Requirement
Every record must be restated exactly. Drop the images.
- - -
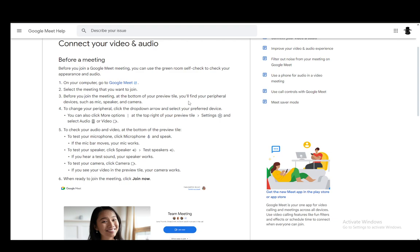You can choose to either turn off the camera or turn it on before the call, before you join. Once you join, that status will remain the same. Within the call, you can also click on the camera icon to turn the camera on and off at will, and that is pretty much all there is to it.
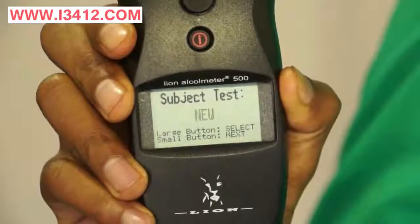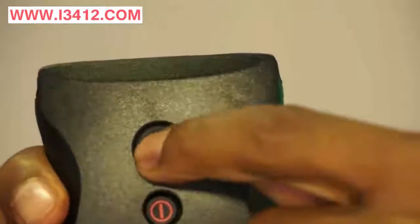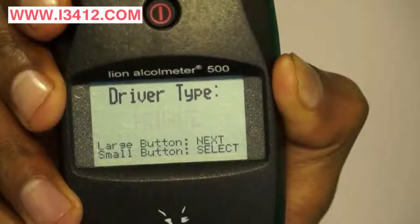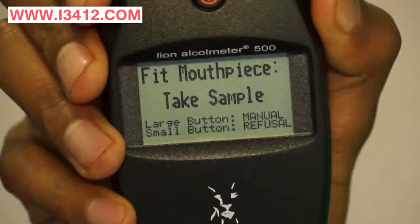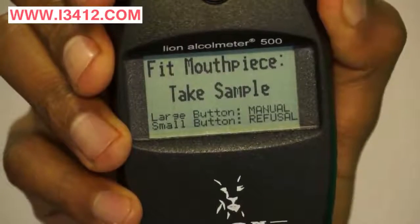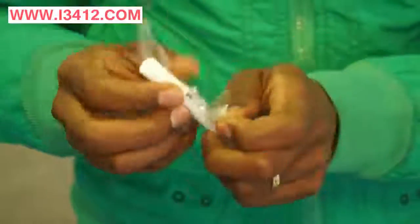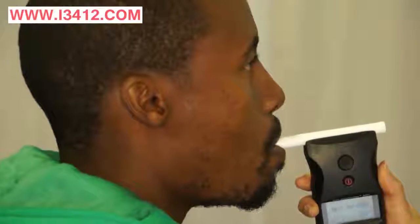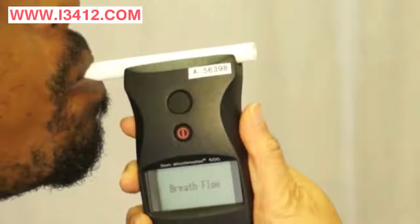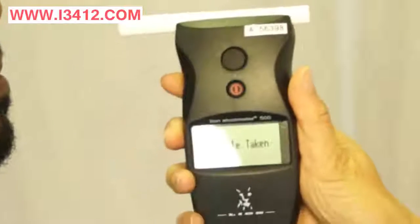Select to do a new test by pushing the large black button. The A500 RSA will ask you what driver type you want to test. If you are using the standard A500P, then it will go straight into the test mode. Unwrap and fit a new mouthpiece on. Instruct the test subject to take a deep breath and blow into the mouthpiece. The instrument will measure the volume of air and sample automatically once there is sufficient breath flow.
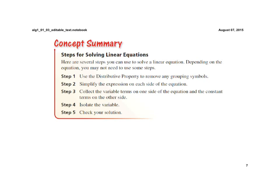Then step four is to solve by isolating the variable. And step five is check your solution. Again, these are the steps that we would use to solve these types of equations. That's what we're going to do.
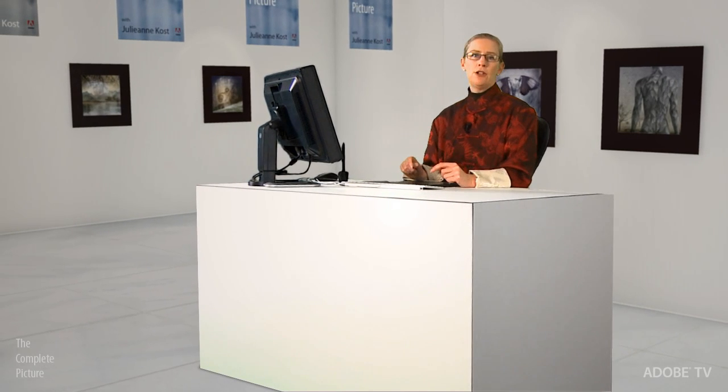Hi and welcome. My name is Julianne Kost and in today's episode of the complete picture, we're going to figure out how to set up Lightroom so that with a single click you can email your photos as attachments to different people.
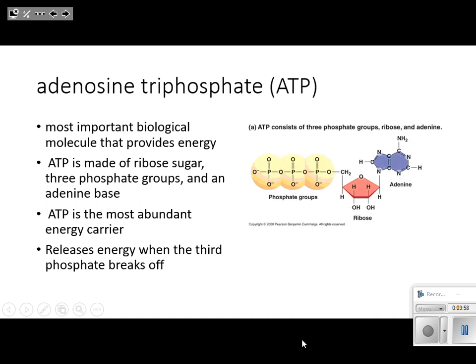Now looking at this diagram — it's a little bit different than your diagram — let's look at the three parts and label them. Find where you have the three Ps. Those three Ps are the three phosphate groups. Go ahead and label those three Ps as 'three phosphate groups,' and color them yellow.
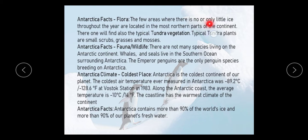Antarctica fact — flora. In a few areas where there is little snow or ice, located in the most northern part of the continent, one will find typical tundra vegetation. Typical tundra plants are small shrubs, grasses, and moss. Flora means plants. Antarctica does not have much flora because it is covered by an ice sheet and water is usually frozen, which is very much needed for plants. There is no large forest in Antarctica.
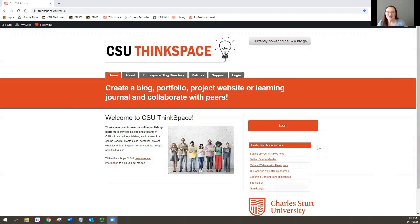Welcome to this brief tutorial that will walk you through the CSU Thinkspace blog platform. This blog platform might look a little bit familiar to you if you're used to using WordPress, because it is a multi-site installation of WordPress. So that's why there might be some similarities.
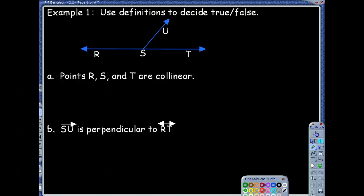Example one says that we're going to use definitions to decide if a statement is true or false. The first example, part A, says points R, S, and T are collinear.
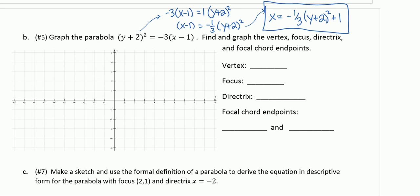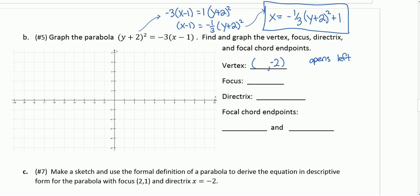Notice it's an X equals parabola, so it's going to open along the X axis — left or right. Because of the negative one third in front, it's opening in the negative X direction, which is a left-opening parabola. For the vertex, we have Y plus two in the equation, so the Y value of the vertex is the opposite: negative two. The plus one gives us the X value of the vertex — don't change that. So I'm going to plot the vertex at one, negative two.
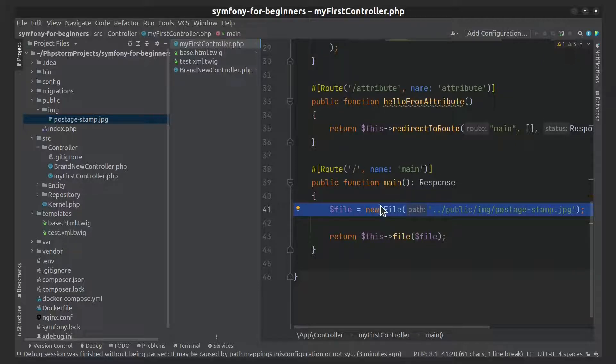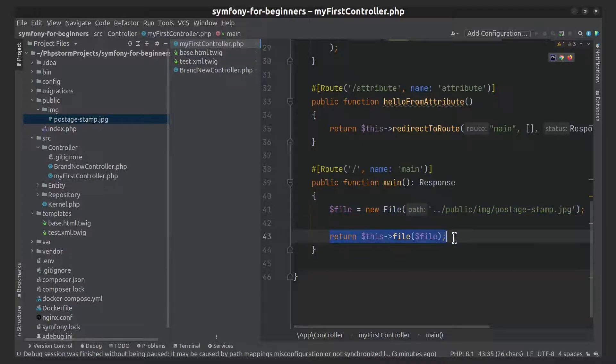Here I load the image from the file system, and only here I download it.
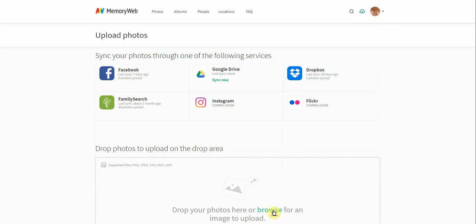And I'm going to click this button here that says browse. And actually, before I do that, I'm going to show you here that we support multiple different file types, including TIFF and also raw photos as well.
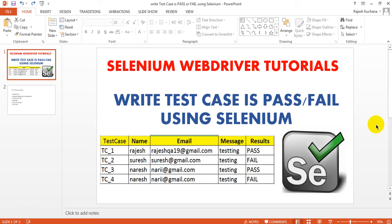Welcome to Selenium WebDriver tutorials. Today you are going to learn how to write test case results as pass or fail using Selenium. Most of the time we are working with a number of test cases and we need to write whether test cases pass or fail. We are using Apache POI as well as JXL, so JXL is very easy and I am using JXL.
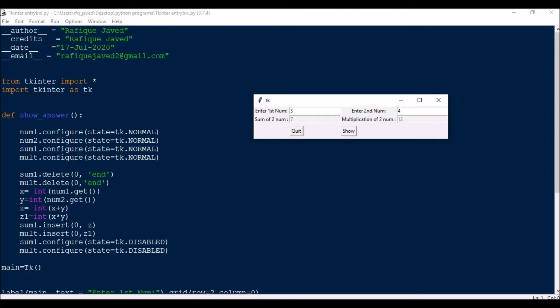Hello guys, welcome to my channel Python Educare. Today I have brought another session on tkinter widget and I will be showing you how to disable the entry text boxes in tkinter widget.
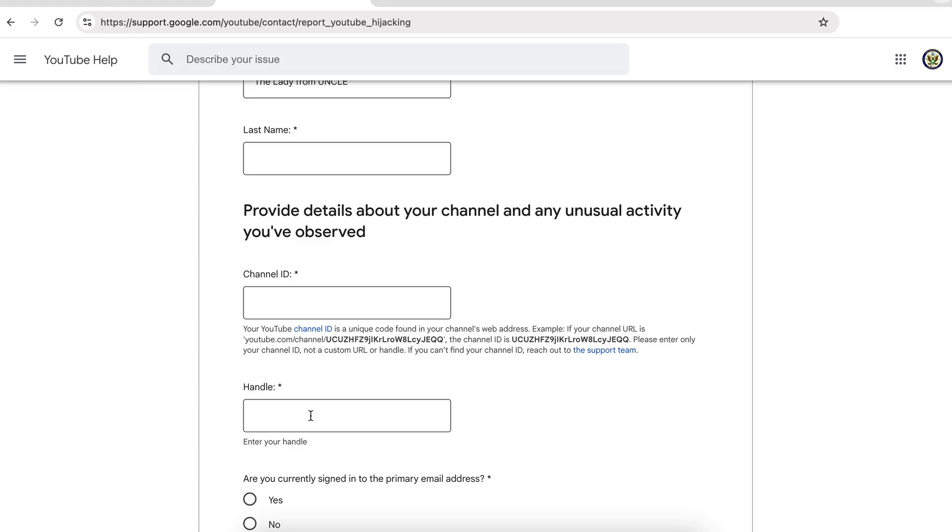YouTube will do everything they can to return a hijacked YouTube channel to you, but unless there is evidence of a hijacking or a hacking of the Google account itself, they cannot necessarily return that as well. But it is your best bet.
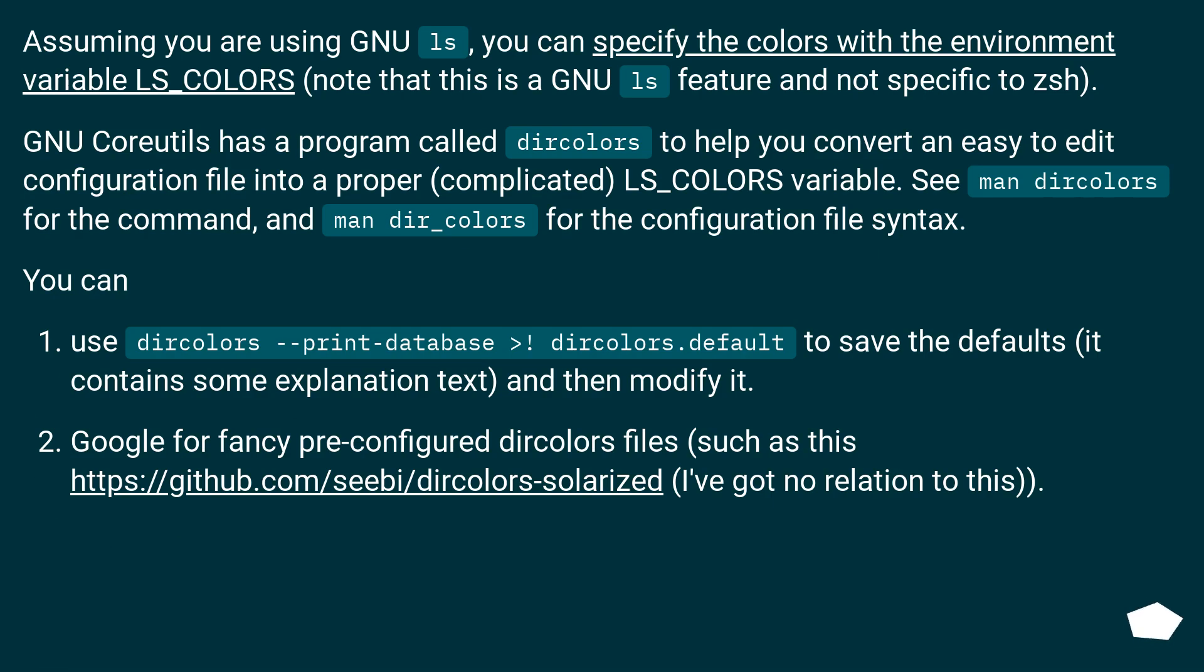Assuming you are using GNU ls, you can specify the colors with the environment variable LS_COLORS. Note that this is a GNU ls feature and not specific to zsh.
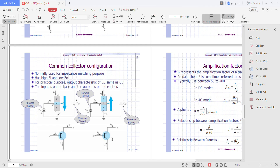Normally used for impedance matching, the common collector has high input impedance and low output impedance — Z represents impedance. For practical purposes, the output characteristics of the common collector are the same as the common emitter. The input is on the base and the output is on the emitter, so the equations used are like those of the common emitter.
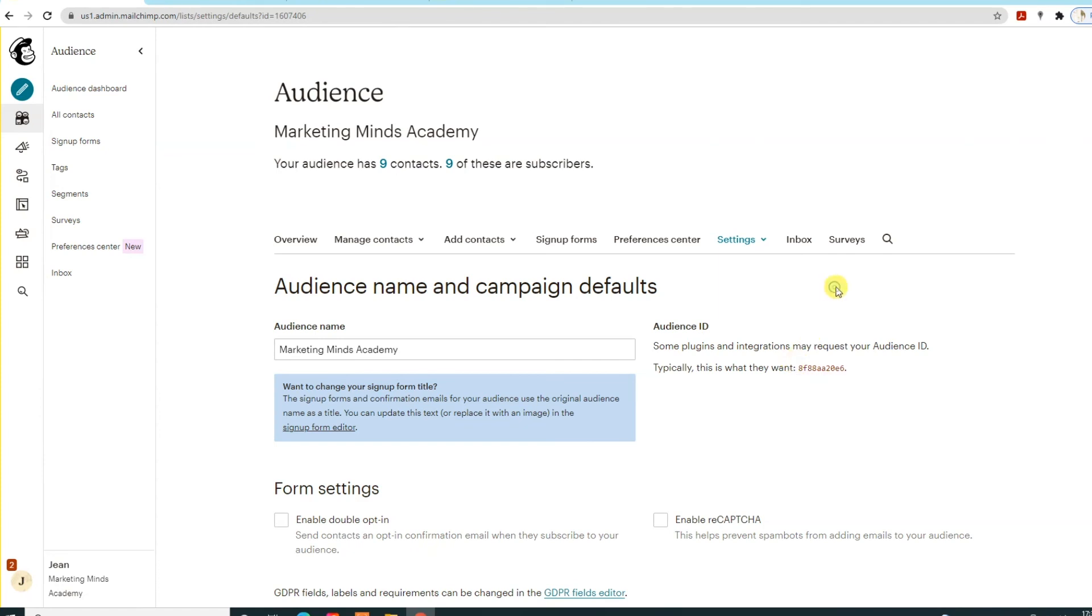So typically, what you'll need to give to the web or app developers for data transfer into different audiences is the API key and the list ID.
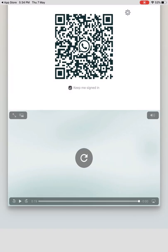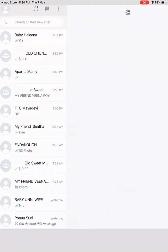When we're scanning, whichever device we scan from, the same WhatsApp will be on your iPad. See, I scanned from my device and the same WhatsApp came on my iPad.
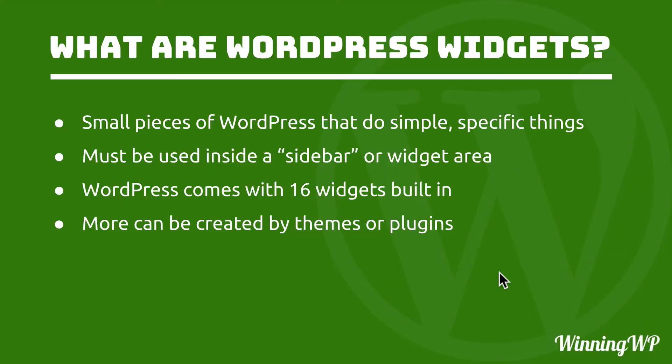If you're interested in reading more about widgets on a blog post, check out the link in the video description below.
- - -
Response for this exercise
You can choose to either turn off the camera or turn it on before the call, before you join. Once you join, that status will remain the same. Within the call, you can also click on the camera icon to turn the camera on and off at will, and that is pretty much all there is to it.
Select to do a new test by pushing the large black button. The A500 RSA will ask you what driver type you want to test. If you are using the standard A500P, then it will go straight into the test mode. Unwrap and fit a new mouthpiece on. Instruct the test subject to take a deep breath and blow into the mouthpiece. The instrument will measure the volume of air and sample automatically once there is sufficient breath flow.
Then step four is to solve by isolating the variable. And step five is check your solution. Again, these are the steps that we would use to solve these types of equations. That's what we're going to do.
Hi and welcome. My name is Julianne Kost and in today's episode of the complete picture, we're going to figure out how to set up Lightroom so that with a single click you can email your photos as attachments to different people.
Now looking at this diagram — it's a little bit different than your diagram — let's look at the three parts and label them. Find where you have the three Ps. Those three Ps are the three phosphate groups. Go ahead and label those three Ps as 'three phosphate groups,' and color them yellow.
Antarctica fact — flora. In a few areas where there is little snow or ice, located in the most northern part of the continent, one will find typical tundra vegetation. Typical tundra plants are small shrubs, grasses, and moss. Flora means plants. Antarctica does not have much flora because it is covered by an ice sheet and water is usually frozen, which is very much needed for plants. There is no large forest in Antarctica.
Welcome to this brief tutorial that will walk you through the CSU Thinkspace blog platform. This blog platform might look a little bit familiar to you if you're used to using WordPress, because it is a multi-site installation of WordPress. So that's why there might be some similarities.
Example one says that we're going to use definitions to decide if a statement is true or false. The first example, part A, says points R, S, and T are collinear.
Notice it's an X equals parabola, so it's going to open along the X axis — left or right. Because of the negative one third in front, it's opening in the negative X direction, which is a left-opening parabola. For the vertex, we have Y plus two in the equation, so the Y value of the vertex is the opposite: negative two. The plus one gives us the X value of the vertex — don't change that. So I'm going to plot the vertex at one, negative two.
Here I load the image from the file system, and only here I download it.
And I'm going to click this button here that says browse. And actually, before I do that, I'm going to show you here that we support multiple different file types, including TIFF and also raw photos as well.
Welcome to Selenium WebDriver tutorials. Today you are going to learn how to write test case results as pass or fail using Selenium. Most of the time we are working with a number of test cases and we need to write whether test cases pass or fail. We are using Apache POI as well as JXL, so JXL is very easy and I am using JXL.
Hello guys, welcome to my channel Python Educare. Today I have brought another session on tkinter widget and I will be showing you how to disable the entry text boxes in tkinter widget.
YouTube will do everything they can to return a hijacked YouTube channel to you, but unless there is evidence of a hijacking or a hacking of the Google account itself, they cannot necessarily return that as well. But it is your best bet.
Assuming you are using GNU ls, you can specify the colors with the environment variable LS_COLORS. Note that this is a GNU ls feature and not specific to zsh.
Normally used for impedance matching, the common collector has high input impedance and low output impedance — Z represents impedance. For practical purposes, the output characteristics of the common collector are the same as the common emitter. The input is on the base and the output is on the emitter, so the equations used are like those of the common emitter.
So typically, what you'll need to give to the web or app developers for data transfer into different audiences is the API key and the list ID.
When we're scanning, whichever device we scan from, the same WhatsApp will be on your iPad. See, I scanned from my device and the same WhatsApp came on my iPad.
If you're interested in reading more about widgets on a blog post, check out the link in the video description below.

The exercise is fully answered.